New Delhi: Anssi Vanjoki was ranked among the 25 most influential people on the Internet by BusinessWeek in September, placing him alongside Microsoft Corp. CEO Steve Ballmer; News Corp. chairman Rupert Murdoch and Apple Inc. CEO Steve Jobs. Vanjoki, executive vice-president of sales, manufacturing, marketing and logistics at Nokia Oyj, is spearheading a push by the world’s biggest mobile phone maker into what it calls the mobile Internet.

In New Delhi, on a visit to launch a new phone—the Nokia 5800, an iPhone look-alike—Vanjoki laid out his vision for the company and the mobile Internet in an interview. Edited excerpts:

Where do you see Nokia a few years down the line?

If you look at the big trends in the market then we have, more or less, come to exhaustion for the mobile phone as it was. There has been growth in places like India and Africa, but if you look at the penetration of mobile phones, in many countries, (it) is already more than 100%. But at the same time it is very positive for Nokia because the whole concept of the product is changing.
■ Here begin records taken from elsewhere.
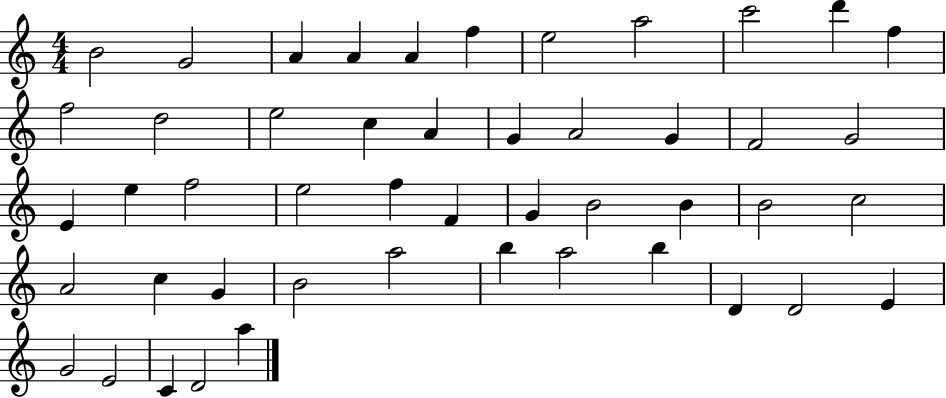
{
  \clef treble
  \numericTimeSignature
  \time 4/4
  \key c \major
  b'2 g'2 | a'4 a'4 a'4 f''4 | e''2 a''2 | c'''2 d'''4 f''4 | \break f''2 d''2 | e''2 c''4 a'4 | g'4 a'2 g'4 | f'2 g'2 | \break e'4 e''4 f''2 | e''2 f''4 f'4 | g'4 b'2 b'4 | b'2 c''2 | \break a'2 c''4 g'4 | b'2 a''2 | b''4 a''2 b''4 | d'4 d'2 e'4 | \break g'2 e'2 | c'4 d'2 a''4 | \bar "|."
}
It’s not just the mobile phone any more. It is becoming more like a computer...

Now, with the computer squeezed to a size of a small pocketable thing and always connected...that will change the Internet. The Internet is not going to be something that you occasionally peek in, but it is something that you come to live in. It’s something I call living in the media. What has happened is that I am living in my real life here but at the same time there is a part of me in the Internet meaning that I am in the Net all the time. That means my context is constantly communicated through this small computer to other people, to different services.

Anssi Vanjoki, executive vice-president of sales, manufacturing, marketing and logistics at Nokia Oyj. Madhu Kapparath / Mint

We also have 1.2 billion consumers with a Nokia product in their hands. When they move from mobile phones to mobile computers, most of them will remain with Nokia—we know this by the loyalty factors that we have.
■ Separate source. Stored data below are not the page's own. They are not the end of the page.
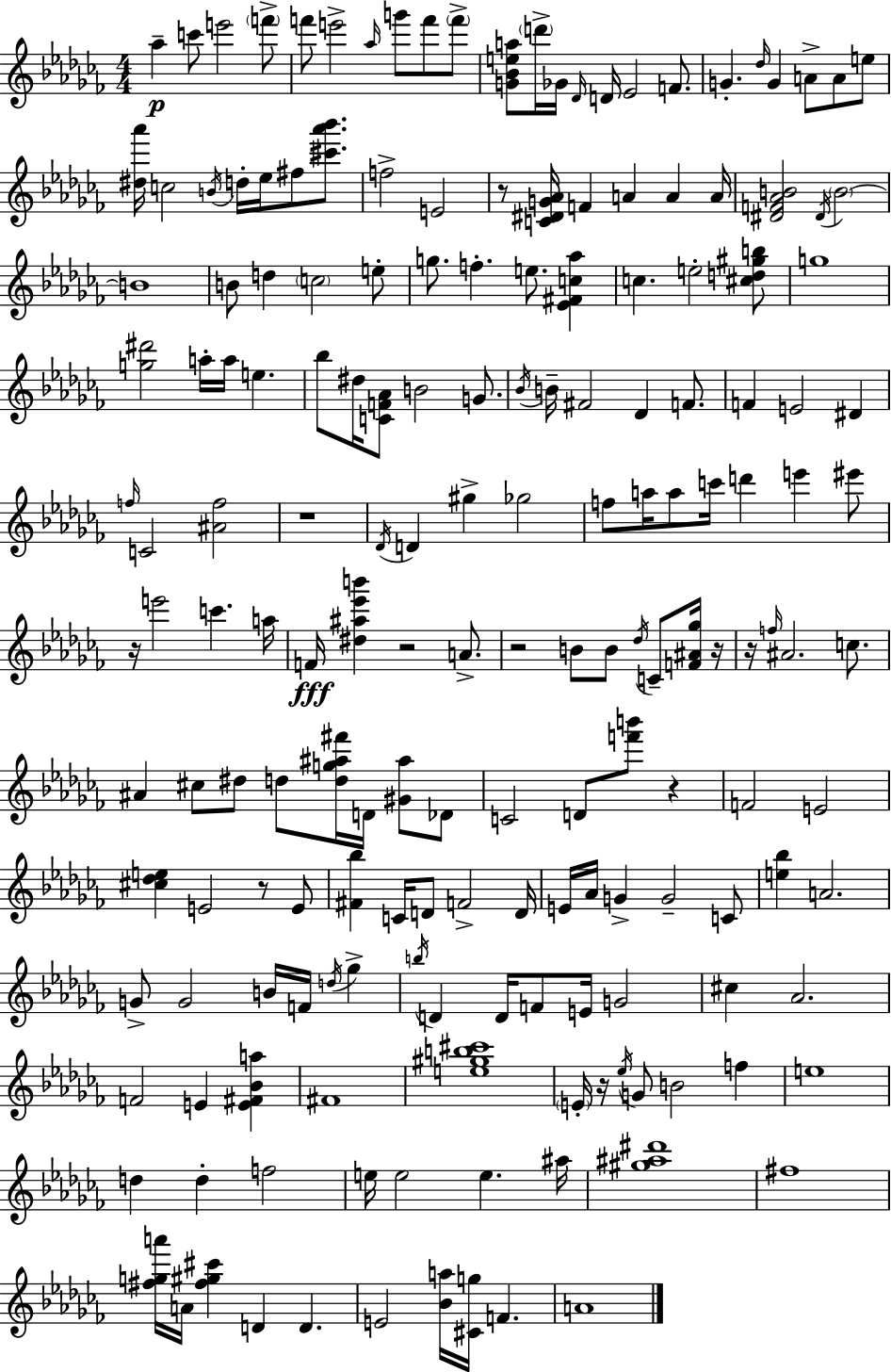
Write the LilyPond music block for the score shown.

{
  \clef treble
  \numericTimeSignature
  \time 4/4
  \key aes \minor
  aes''4--\p c'''8 e'''2 \parenthesize f'''8-> | f'''8 e'''2-> \grace { aes''16 } g'''8 f'''8 \parenthesize f'''8-> | <g' bes' e'' a''>8 \parenthesize d'''16-> ges'16 \grace { des'16 } d'16 ees'2 f'8. | g'4.-. \grace { des''16 } g'4 a'8-> a'8 | \break e''8 <dis'' aes'''>16 c''2 \acciaccatura { b'16 } d''16-. ees''16 fis''8 | <cis''' aes''' bes'''>8. f''2-> e'2 | r8 <c' dis' g' aes'>16 f'4 a'4 a'4 | a'16 <dis' f' aes' b'>2 \acciaccatura { dis'16 } \parenthesize b'2~~ | \break b'1 | b'8 d''4 \parenthesize c''2 | e''8-. g''8. f''4.-. e''8. | <ees' fis' c'' aes''>4 c''4. e''2-. | \break <cis'' d'' gis'' b''>8 g''1 | <g'' dis'''>2 a''16-. a''16 e''4. | bes''8 dis''16 <c' f' aes'>8 b'2 | g'8. \acciaccatura { bes'16 } b'16-- fis'2 des'4 | \break f'8. f'4 e'2 | dis'4 \grace { f''16 } c'2 <ais' f''>2 | r1 | \acciaccatura { des'16 } d'4 gis''4-> | \break ges''2 f''8 a''16 a''8 c'''16 d'''4 | e'''4 eis'''8 r16 e'''2 | c'''4. a''16 f'16\fff <dis'' ais'' ees''' b'''>4 r2 | a'8.-> r2 | \break b'8 b'8 \acciaccatura { des''16 } c'8-- <f' ais' ges''>16 r16 r16 \grace { f''16 } ais'2. | c''8. ais'4 cis''8 | dis''8 d''8 <d'' g'' ais'' fis'''>16 d'16 <gis' ais''>8 des'8 c'2 | d'8 <f''' b'''>8 r4 f'2 | \break e'2 <cis'' des'' e''>4 e'2 | r8 e'8 <fis' bes''>4 c'16 d'8 | f'2-> d'16 e'16 aes'16 g'4-> | g'2-- c'8 <e'' bes''>4 a'2. | \break g'8-> g'2 | b'16 f'16 \acciaccatura { d''16 } ges''4-> \acciaccatura { b''16 } d'4 | d'16 f'8 e'16 g'2 cis''4 | aes'2. f'2 | \break e'4 <e' fis' bes' a''>4 fis'1 | <e'' gis'' b'' cis'''>1 | \parenthesize e'16-. r16 \acciaccatura { ees''16 } g'8 | b'2 f''4 e''1 | \break d''4 | d''4-. f''2 e''16 e''2 | e''4. ais''16 <gis'' ais'' dis'''>1 | fis''1 | \break <fis'' g'' a'''>16 a'16 <fis'' gis'' cis'''>4 | d'4 d'4. e'2 | <bes' a''>16 <cis' g''>16 f'4. a'1 | \bar "|."
}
So we have the power to put this out there and if it does well then we have the power to change the Internet.

Why hasn’t the adoption of some of these applications already happened?

They are rudimentary in form. Not easy to use.
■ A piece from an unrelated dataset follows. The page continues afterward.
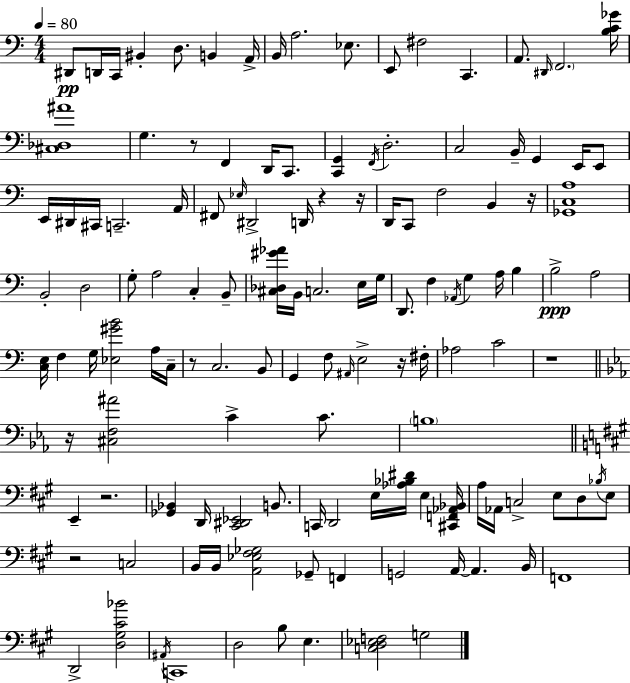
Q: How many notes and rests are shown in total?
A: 130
Has the economic downturn hit Nokia in any way?

Yes, it has (affected) the cellular market and Nokia as a big player. Two weeks ago, we came out with a statement that we are expecting that the business will not grow as much as we had estimated.

Will you be strong enough to acquire assets on the table?

We have not said no to any good opportunity that can accelerate our plans.

Could Motorola’s handsets division potentially accelerate your plans?

No. It would decelerate the plans. Just look at what they have done. They have separated it from the mother company as they see it as a bad asset.

Are you diversifying into an end-to-end cellular phone player with services?

We made a very clear choice a couple of years ago. We understood that first we need to get the computer business happen—that is one way to grow and add value. And, second, since we have a tremendous position in that market, it is only natural that we become a service company. The value of the mobile computer is in its software. So we are a software company that is monetizing its know-how in hardware and increasingly, we will be monetizing our knowhow in services.

Will services ever dominate your business?

Probably that will be after my time. But growth certainly by 2010 will be material for us. Growth is increasingly from services for Nokia.

Will competition from something like Google’s Android be serious, then?

Every competition is serious for Nokia; I don’t know any other kind. Android, from my view, is a very courageous move. If I compare it with Symbian (a Nokia-led effort) making it open source 10 years in development and millions of lines of code, it will be very hard to compete with that asset. It’s why I call Android very courageous. Then, we have an open source asset in the high-end space, Mimo. It takes the power of desktop Linux and squeezes into a mobile phone.